Windows had a busy 2002 between Windows XP Service Pack 1 and the new Media Center and Tablet PC Editions. But enthusiasts were more concerned about the future of Windows, which we were told would now take a pitstop at Longhorn before moving on to Blackcomb. And there were many leaks, fakes, rumors, and even official releases with which to contend that year.

Today, personal technology is similarly consumed by leaks and rumors, but we don’t see a lot in the way of fakes. Instead, more technically capable fans create concept art of imagined future products from Apple, especially. And these concepts are often published on enthusiast blogs to help pass the time between actual product announcements.

The 2002 equivalents of these concepts, which I simply called fakes, were much less sophisticated. And because it was Microsoft, and not Apple, at the center of the personal computing world, they focused mostly on software, and not hardware.

Many were based on Steve Guggenheimer’s ill-timed demo of future MSN interfaces from late summer 2001, as it was widely misunderstood to represent the user experience Microsoft was creating for Longhorn. And many were laughably bad.

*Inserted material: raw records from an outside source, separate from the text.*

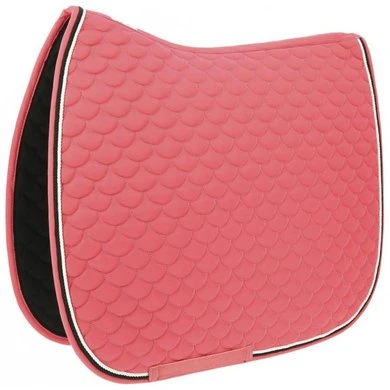 EQUITHÈME Zadeldekje Double Rope Dressuur Roze/Wit Full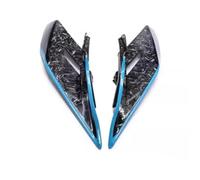 NANGAEBPPW For 450SR 450SR 2022-2025 Motorcycle Parts Front Side Downforce Naked Spoilers Fixed Winglet Fairing Wings(Black White)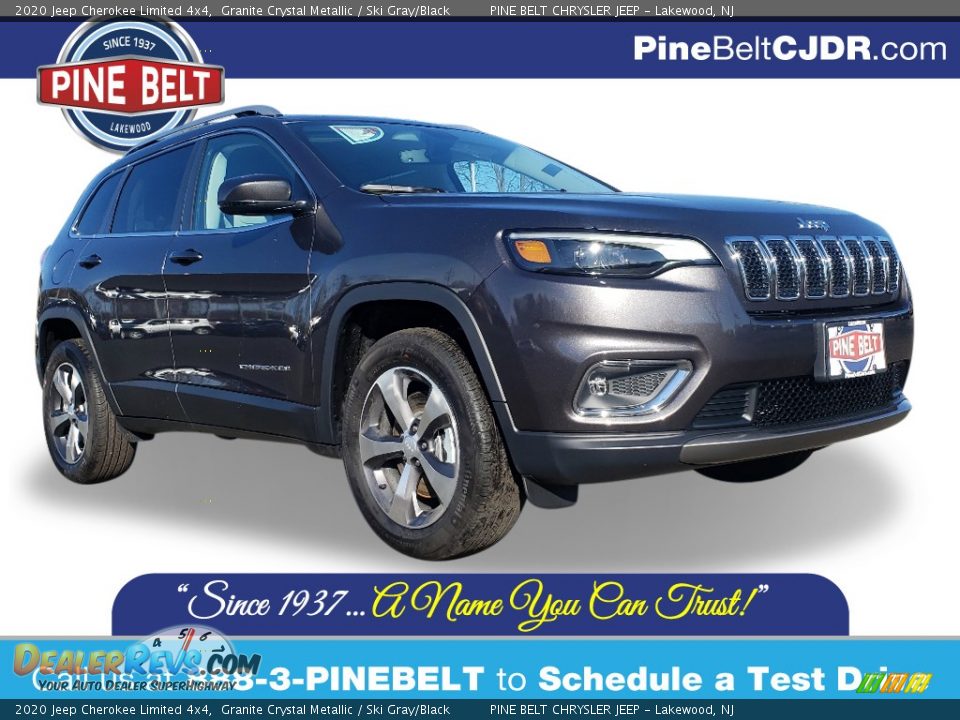 2020 Jeep Cherokee Limited 4x4 Granite Crystal Metallic / Ski Gray/Black Photo #1
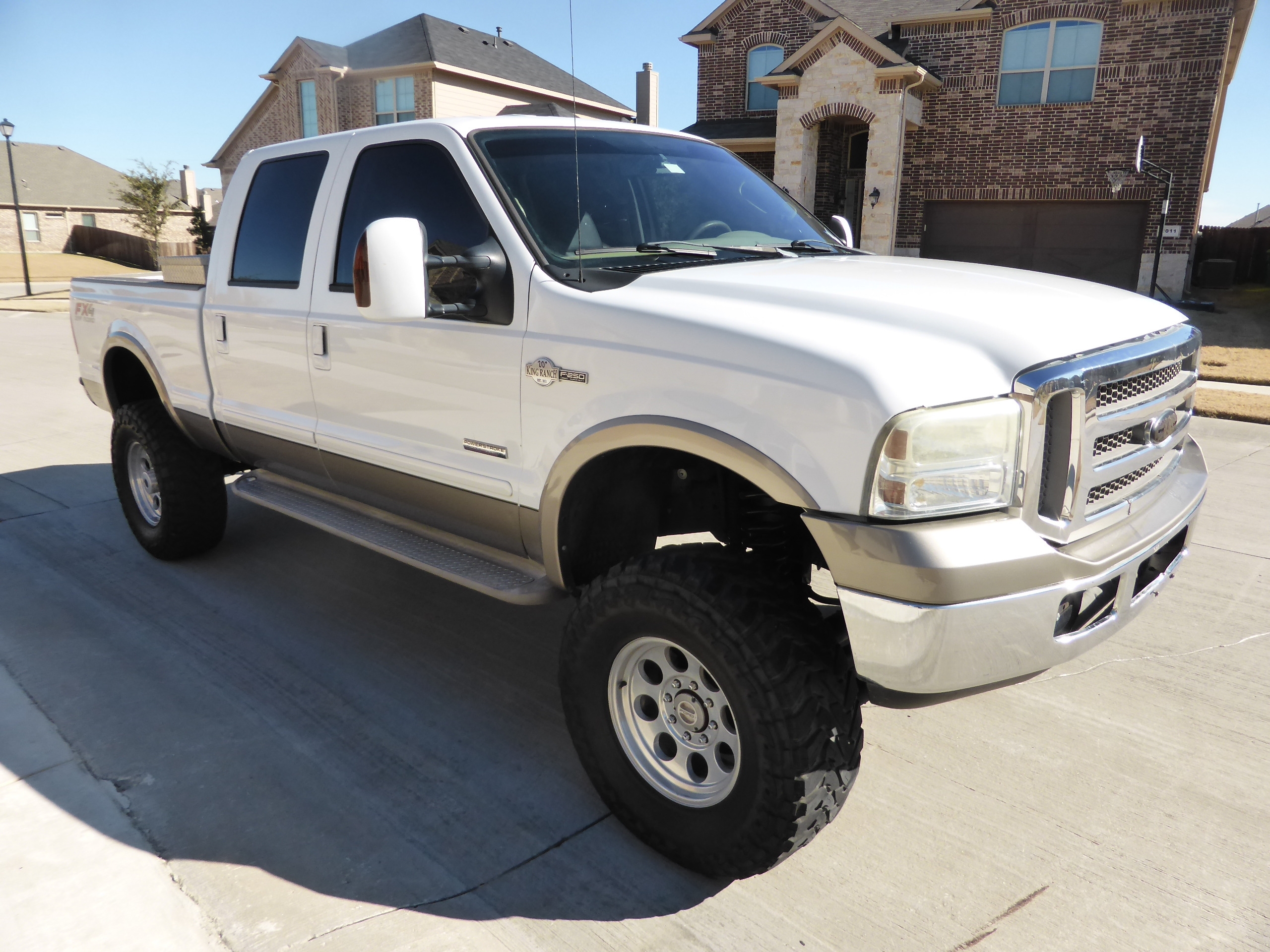 2006 Ford F 250 Crew Cab King Ranch 4wd Diesel Studded Lifted Too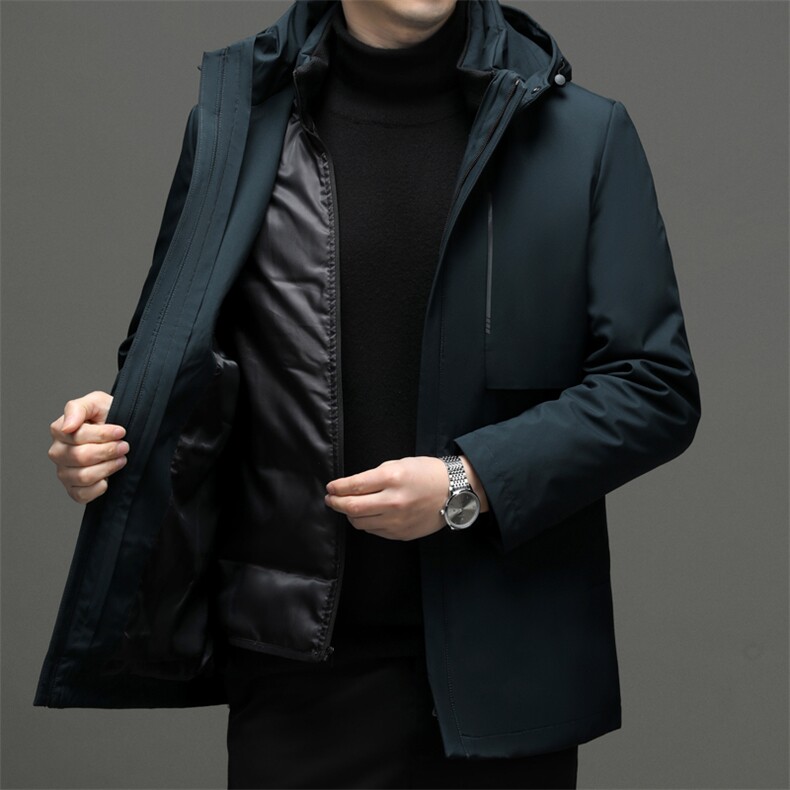 CSYR92207钱塘2020-2冬季厚款商务休闲中年男士羽绒服外套P285,男装羽绒服,钱塘207-2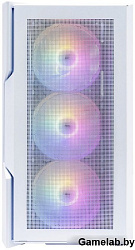 Корпус 1STPLAYER TRILOBITE T7-P White / ATX / 4x120mm LED fans / T7-P-WH-4F1-W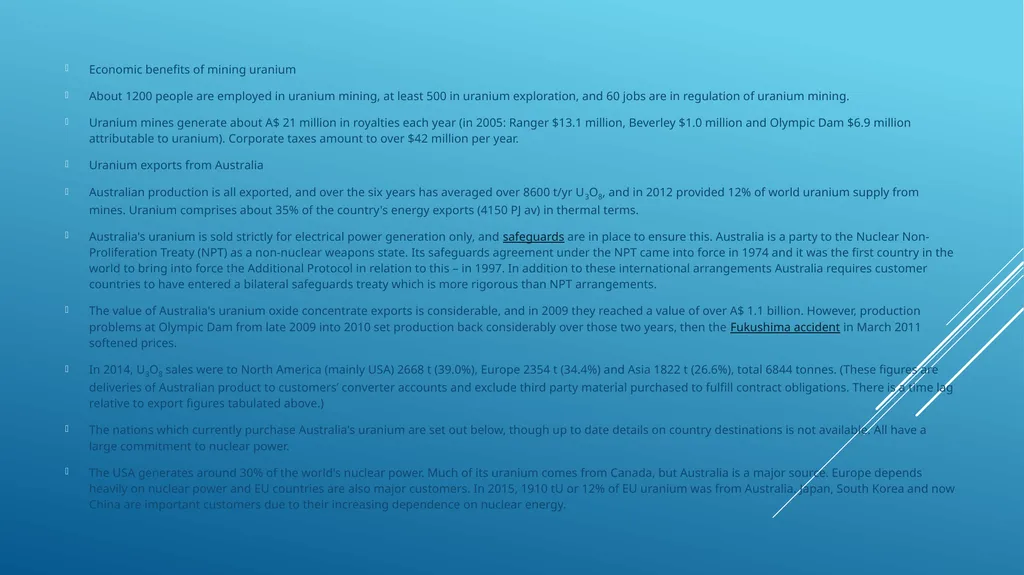 Lecture 12. Australia and Canada uranium markets - slide 25 of 26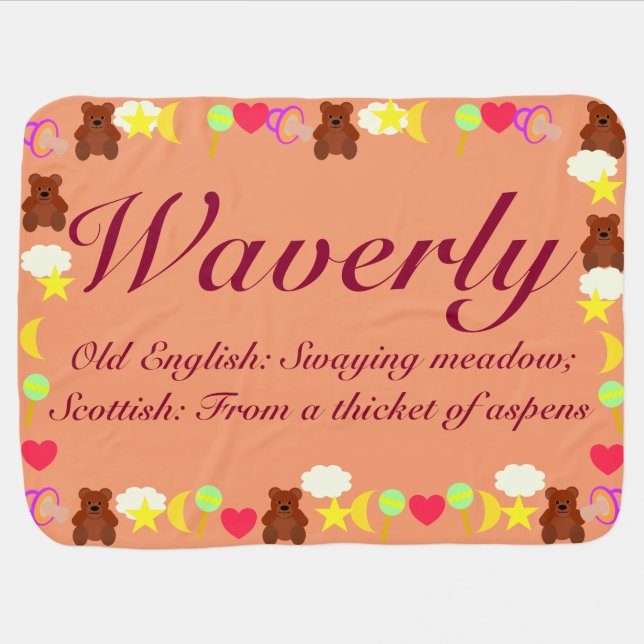 Waverly Baby Blanket Template (Horizontal)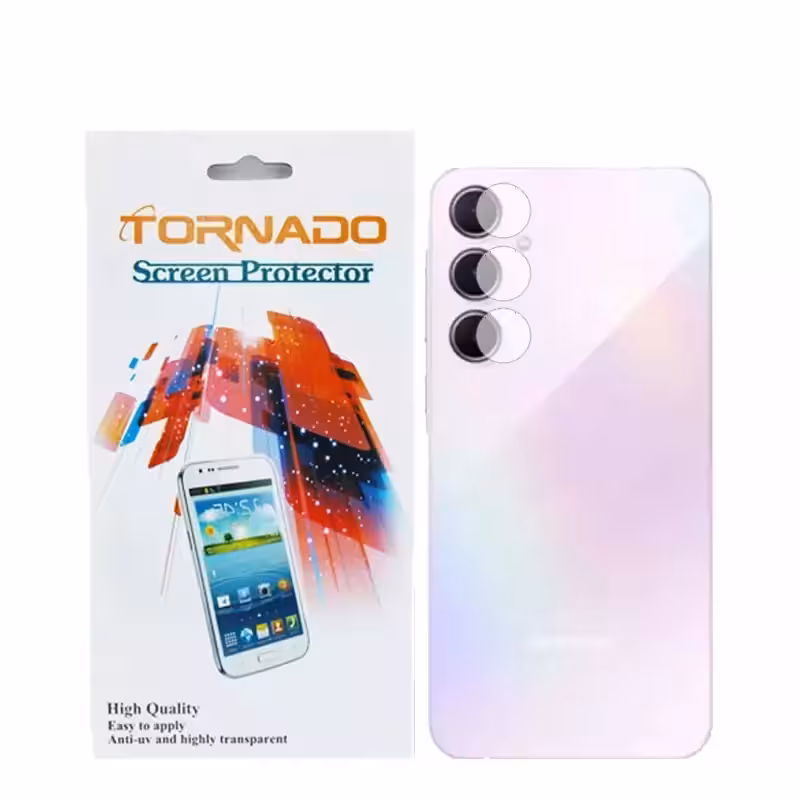 محافظ لنز دوربین تورنادو مدل نانو گلس مناسب برای موبایل سامسونگ Galaxy A55 بسته 40 عددی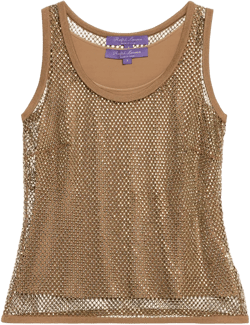 Melony Embellished Mesh Tank Top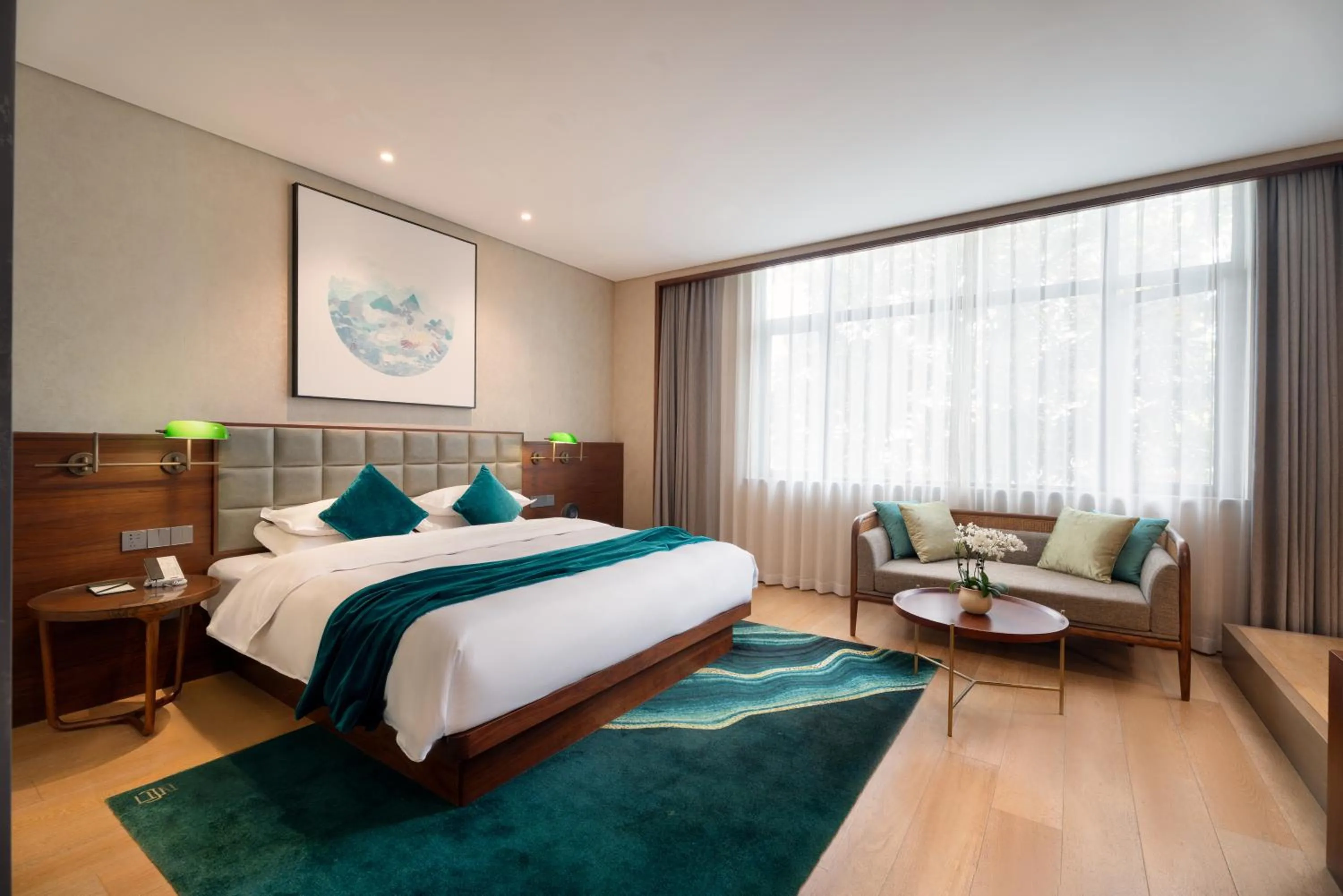 Bed in SSAW Garden Hotel Ningbo Xikou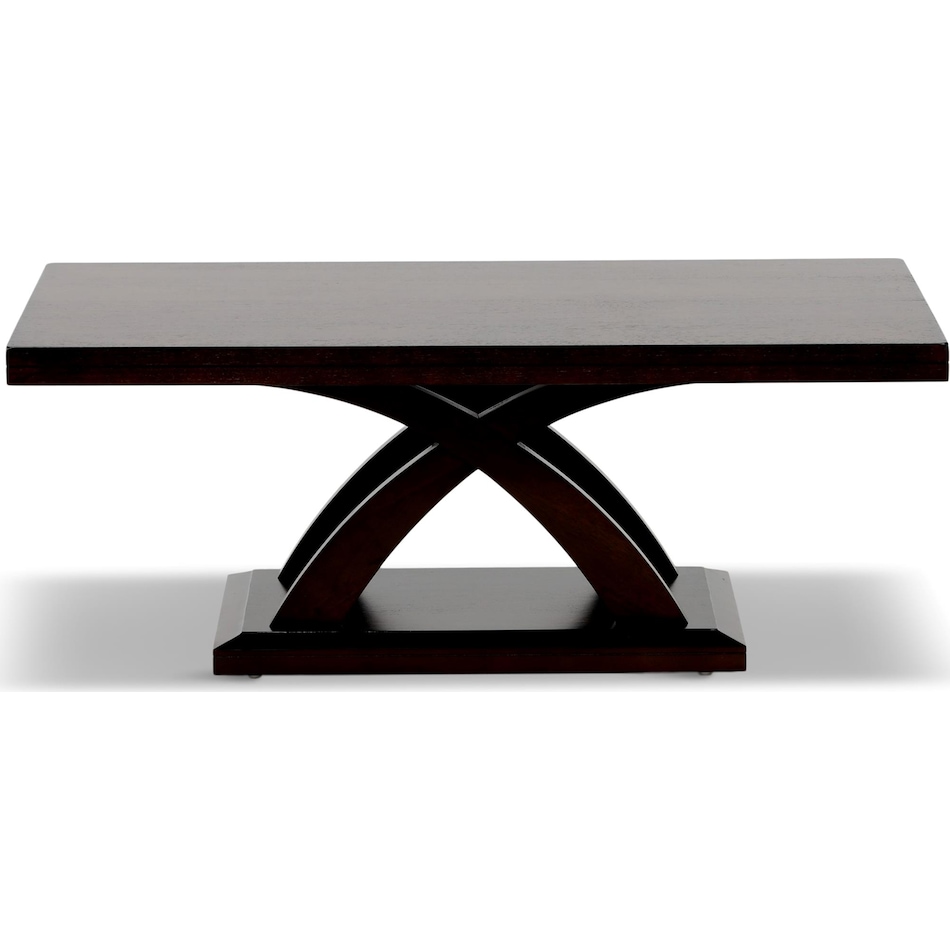 florence occasional dark brown oc coffee table   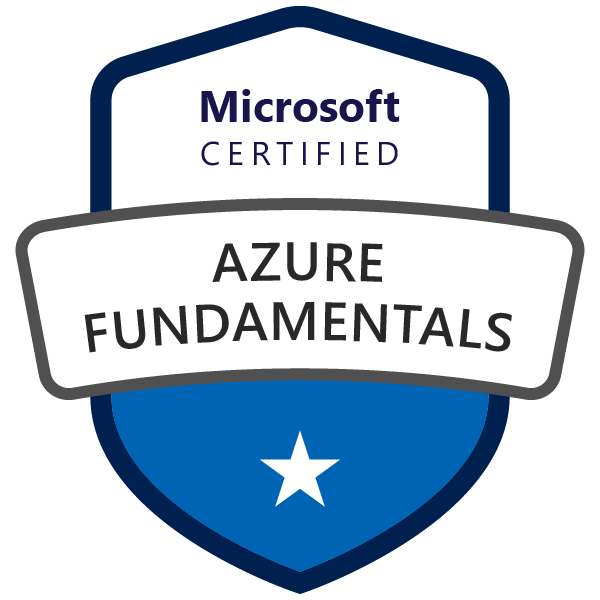 Microsoftcertifiedazurefundamentalsbadge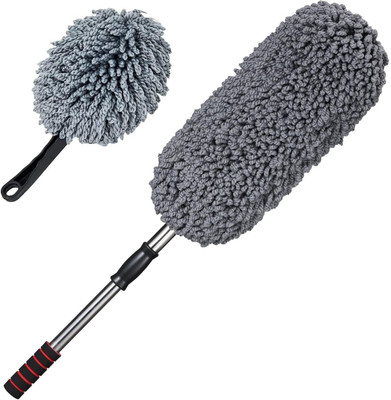 HM EVOTEK Microfiber Flexible Duster Car Wash Combo 2 Pcs | Car Cleaning Accessories Wet and Dry Duster Set(Pack of 2)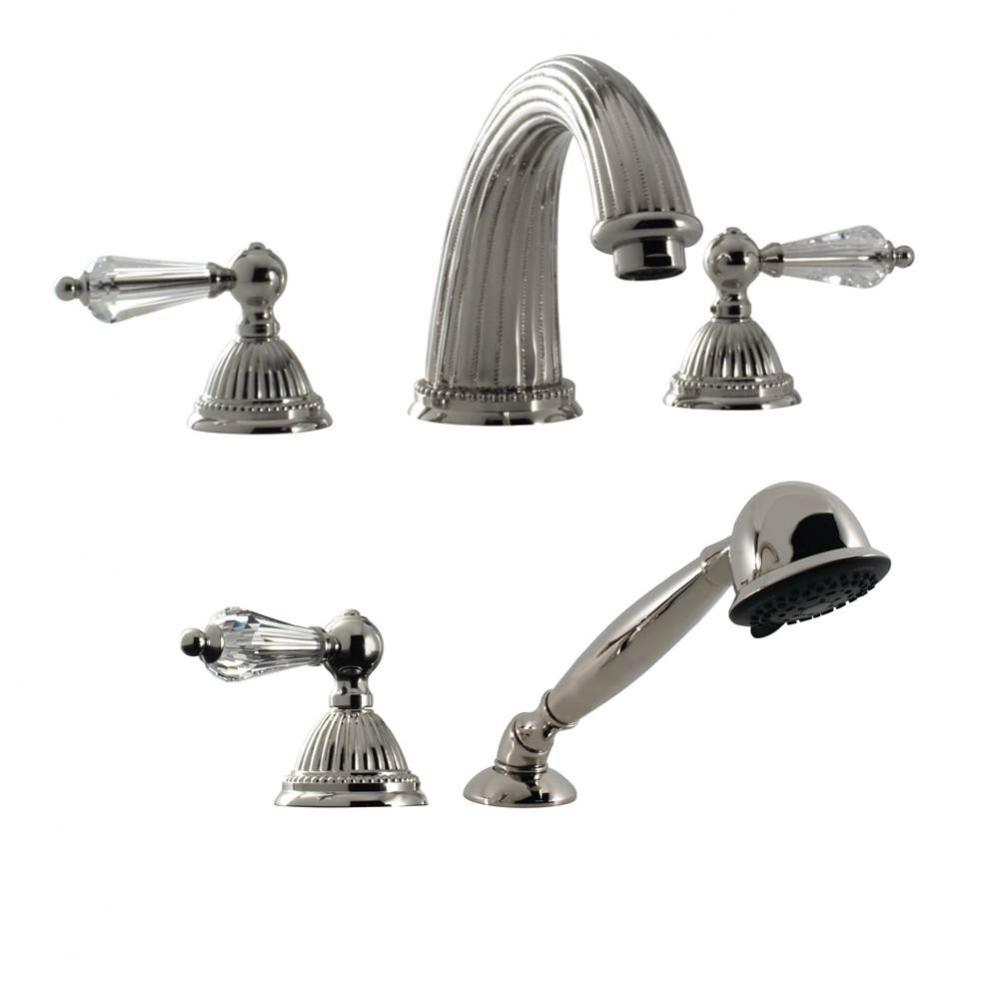 Roman Tub Filler Set With Hand Held Shower With ''Lc'' Handles - (Uses P0003 R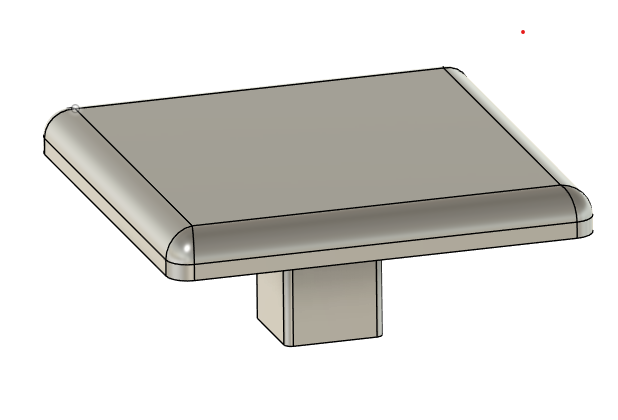 3030 Aluminum Extrusion End Cap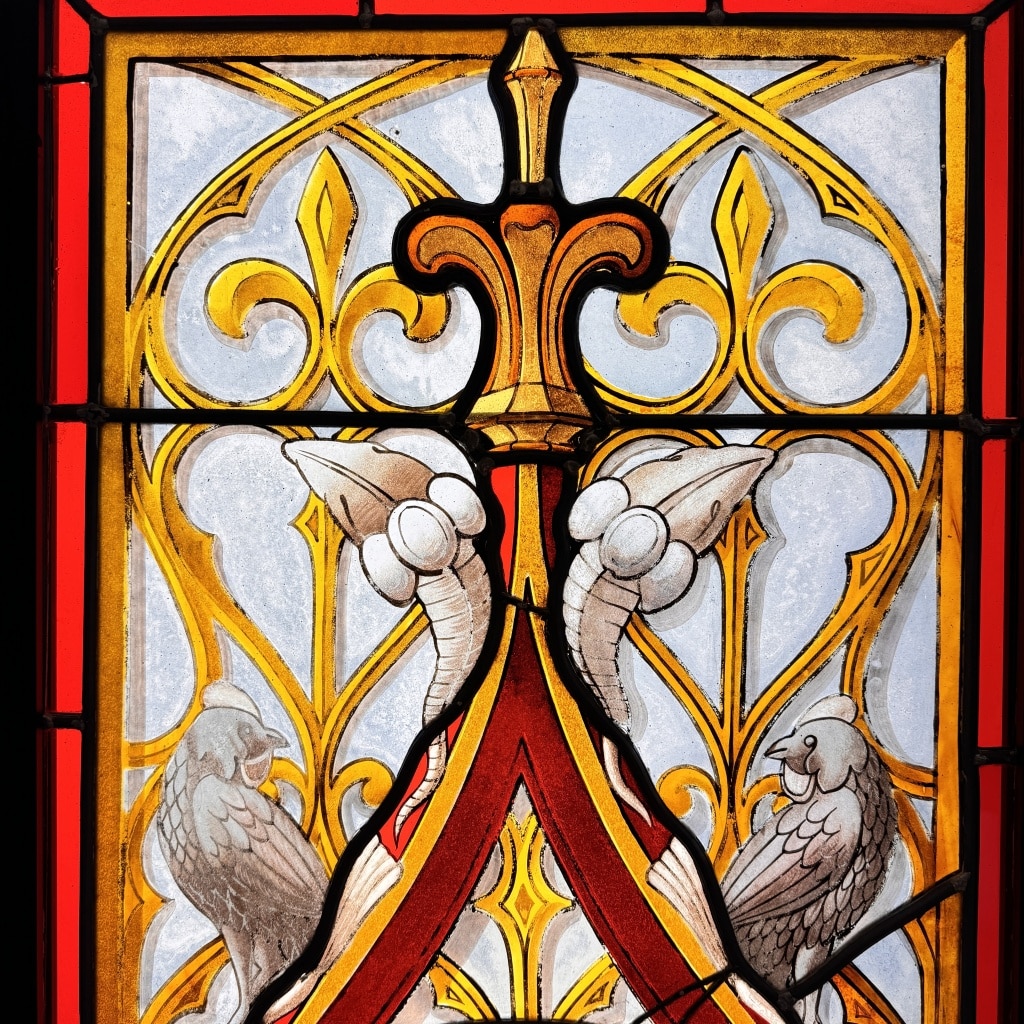 Vitrail gothique (2) (196 x 50 cm) | Biron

Interestingly, even the worst of the fakes were pointing in the right direction: with both MSN and Windows, Microsoft was wrestling with a new user interface convention called a dashboard or sidebar that would display notifications and live data in a pane on the side of the screen that would be visible at all times. It was essentially a front-end for web services. Consider, for example, this Microsoft Research project.

Because it was revised so often, this interface had appeared first in limited form the MSN 6 user interface via a My Stuff bar that included links to MSN Calendar, MSN Money stock quotes, MSN Communities, MSN Photos, and online weather. But in MSN 8, this interface was renamed to Dashboard, and it had been recast as “the open bar” that Guggenheimer had described a year earlier.

The MSN 8 Dashboard was an extensible interface, based on XML, that could be positioned on either side of the display, and it could be detached from the rest of the MSN 8 interface so that it appeared on-screen at all times.

And Dashboard components---called parts---would display live information and could provide a fly-out window with more detailed information.

Internally, Microsoft spent much of 2002 gearing up for the Longhorn wave, which would bring major changes to Windows application development for the first time since the initial release of .NET and Windows Forms. At WinHEC 2002 in April, the firm explained to hardware makers that Longhorn would offer a richer text experience with better font management and hardware acceleration. It would be based on ClearType, which to that date used software-based rendering techniques, but now with a “composition” pass in the display technologies that would render items on-screen.